Some antisemites and more moderate non-Jews expressed their wish to see an example of unity in the Jews. Since there was none in the present, they looked to our past. Henry Ford wrote in his infamous composition, The International Jew—The World’s Foremost Problem: “Modern reformers, who are constructing model social systems, would do well to look into the social system under which the early Jews were organized.” Likewise, British journalist and historian Paul Johnson wrote in A History of the Jews: “At a very early stage in their collective existence the Jews believed they had detected a divine scheme for the human race, of which their own society was to be a pilot.”
Throughout the ages, our sages have known that exercising unity and passing it on to the world was the key to redeeming us from persecution and hatred. The Rav Kook wrote in Orot Hakodesh 3: “The depth of the hatred is as the depth of the love. If we were ruined, and the world was ruined with us, by unfounded hatred, we will be rebuilt, and the world will be rebuilt with us, through unfounded love.”
Almost two millennia earlier, The Book of Zohar itself wrote that only if we overcome our hatred and unite, the world will be at peace, as well. In the portion Aharei Mot, The Zohar writes, “Behold, how good and how pleasant it is for brothers to also sit together. These are the friends as they sit together, and are not separated from one another. At first, they seem like people at war, wishing to kill one another. Then they return to being in brotherly love. …And as you were in fondness and love before, henceforth you will also not part … And by your merit there will be peace in the world.”
Our current disunity causes the world to want to be judenfrei (free of Jews), as the Nazis put it. Indeed, antisemitism today is at least as widespread as prior to WWII, if not more.
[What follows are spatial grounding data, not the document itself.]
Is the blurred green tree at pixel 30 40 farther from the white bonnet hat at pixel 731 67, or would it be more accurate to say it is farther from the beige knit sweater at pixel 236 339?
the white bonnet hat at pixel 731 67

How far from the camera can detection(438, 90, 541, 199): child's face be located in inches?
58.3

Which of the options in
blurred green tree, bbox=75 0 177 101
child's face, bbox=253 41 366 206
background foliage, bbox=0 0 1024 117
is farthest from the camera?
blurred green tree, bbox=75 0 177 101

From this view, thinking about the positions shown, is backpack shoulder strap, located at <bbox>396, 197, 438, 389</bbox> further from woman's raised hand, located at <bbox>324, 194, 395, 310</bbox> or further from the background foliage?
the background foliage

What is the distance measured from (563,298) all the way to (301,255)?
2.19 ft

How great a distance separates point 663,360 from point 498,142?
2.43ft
But the final solution to the “Jewish problem”—as Ahad Ha’am and the Nazis referred to our existence—is not the elimination of the Jewish people. The solution will come when, and only when, we agree to do what the nations of the world expect of us, whether consciously or not. We must rise above our hatred, unite as our ancestors did millennia ago, and truly be “a light unto nations.”
We may not feel that we know how to unite, or that unity among Jews is even possible, but the seeds of our past cohesion lie dormant within us, awaiting our call. They will wake up as soon as we attempt to open our hearts to one another.
It would be a tragic mistake to wait once more for the nations to force us to unite. The only way we can achieve a sustainable union that will serve as a role model is if we do this of our own volition. If the nations push us to it, it will be out of hatred, and it will come with all the dire consequences related to it. But if we approach one another voluntarily, the world will give us all the help we need. If we do not see right now that the world will do so, it is because humanity is waiting for us to take the first step; the nations want it to come from us.
Only when we come together in order to spread the light of unity to the entire world will the age-old hatred that was born with the birth of our nation die once and for all. If we initiate this reconciliation, there will be no need for riots and pogroms against Jews. There will be no false accusations of setting fires to towers and no blood libels of any kind. Instead, we will finally be what we were commanded to be: “a light unto nations.”